- [Data shown]:
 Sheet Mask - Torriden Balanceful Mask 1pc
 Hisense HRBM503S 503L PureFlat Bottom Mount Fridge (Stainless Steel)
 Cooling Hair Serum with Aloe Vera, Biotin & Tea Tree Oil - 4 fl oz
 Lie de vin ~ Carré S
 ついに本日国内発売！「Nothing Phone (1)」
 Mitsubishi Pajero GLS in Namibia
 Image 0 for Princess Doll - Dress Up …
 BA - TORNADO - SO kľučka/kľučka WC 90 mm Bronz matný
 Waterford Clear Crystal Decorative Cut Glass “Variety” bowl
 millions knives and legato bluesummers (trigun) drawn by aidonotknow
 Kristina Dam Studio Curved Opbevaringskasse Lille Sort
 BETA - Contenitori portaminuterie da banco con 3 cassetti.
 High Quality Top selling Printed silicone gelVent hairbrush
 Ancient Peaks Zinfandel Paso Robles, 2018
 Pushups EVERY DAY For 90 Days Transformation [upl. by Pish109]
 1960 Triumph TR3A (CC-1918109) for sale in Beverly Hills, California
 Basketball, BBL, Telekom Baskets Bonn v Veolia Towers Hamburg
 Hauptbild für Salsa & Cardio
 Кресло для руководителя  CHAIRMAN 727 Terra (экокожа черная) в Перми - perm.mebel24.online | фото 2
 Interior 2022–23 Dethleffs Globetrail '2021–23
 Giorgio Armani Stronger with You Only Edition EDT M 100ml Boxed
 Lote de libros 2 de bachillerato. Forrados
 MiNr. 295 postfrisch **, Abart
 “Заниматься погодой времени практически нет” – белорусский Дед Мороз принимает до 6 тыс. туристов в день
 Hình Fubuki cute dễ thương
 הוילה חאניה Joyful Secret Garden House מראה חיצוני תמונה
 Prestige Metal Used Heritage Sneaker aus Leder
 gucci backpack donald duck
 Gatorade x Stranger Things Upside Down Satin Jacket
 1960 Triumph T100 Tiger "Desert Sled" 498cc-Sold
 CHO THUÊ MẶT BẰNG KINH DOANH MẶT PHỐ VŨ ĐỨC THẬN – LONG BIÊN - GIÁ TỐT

- [Your objective]:
Every line in the listing that holds the string "Triumph" should be copied out.

- [The answer]:
 1960 Triumph TR3A (CC-1918109) for sale in Beverly Hills, California
 1960 Triumph T100 Tiger "Desert Sled" 498cc-Sold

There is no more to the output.